A 14.1 μF capacitor is charged to a potential of 45.0 V and then discharged through an 80.0 Ω resistor.

(a) How long after discharge begins does it take for the capacitor to lose 90.0% of the following?
(i) its initial charge in seconds

(ii) its initial energy in seconds

(b) What is the current through the resistor at both times in part (a)?
(i) at tcharge in Ampere

(ii) at tenergy in Ampere
PLEASE SHOW WORK AND SAY WHAT IS THE FINAL ANSWER IN PARTS A AND B WITH i AND ii IN BOTH A AND B

2 answers

T = R*C = 0.08k * 14.1uF = 1.13 Milliseconds.

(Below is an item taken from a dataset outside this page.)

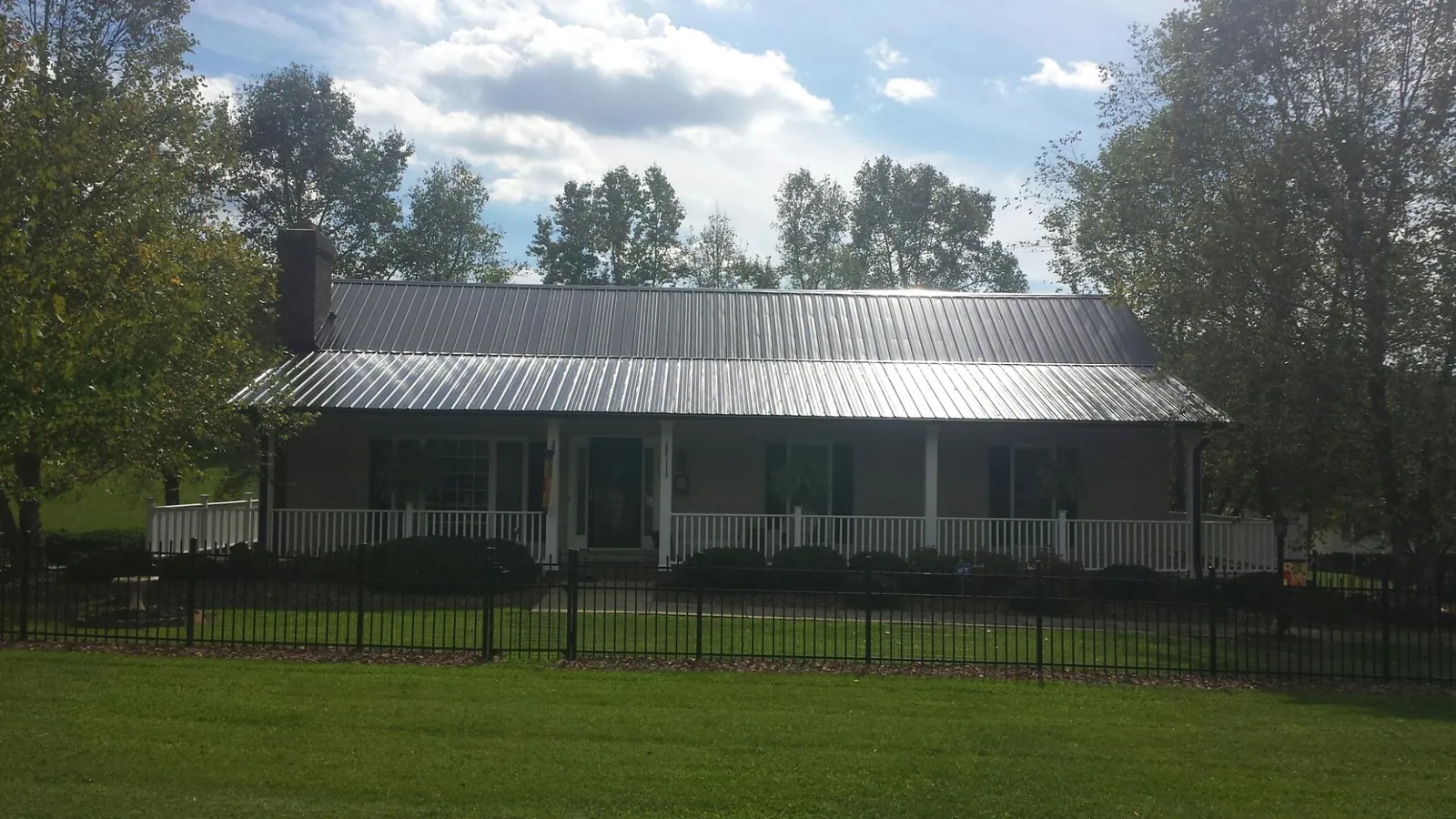 Gray metal roof on a brick ranch with a full width front porch — Gutter Guard Installation work by our crew in Michigan Center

a. 45/e^x = 4.5, e^x = 45/4.5 = 10,
X = 2.303 = t/T = t/1.13, t = 1.13 * 2.303 = 2.60 mS = 2.6*10^-3 s.

b. i = v/R = 4.5/80 = 0.056 Amps.
Energy = 0.5C*V^2 = 0.5*14.1*45^2
= 14,276 uJ. = 0.01428 J.

Energy = 0.5*14.1*V^2 = 0.001428,
V^2 = 2.03*10^-4, Vc = 1.425 Volts when 90% of it's energy is lost.

45/e^x = 1.425, e^x = 31.6, X = 3.45 = t/RC = t/1.13, 1.13*3.45 = 3.90 mS. = 3.90*10^-3 s. = Time
to loose 90% of it's initial energy.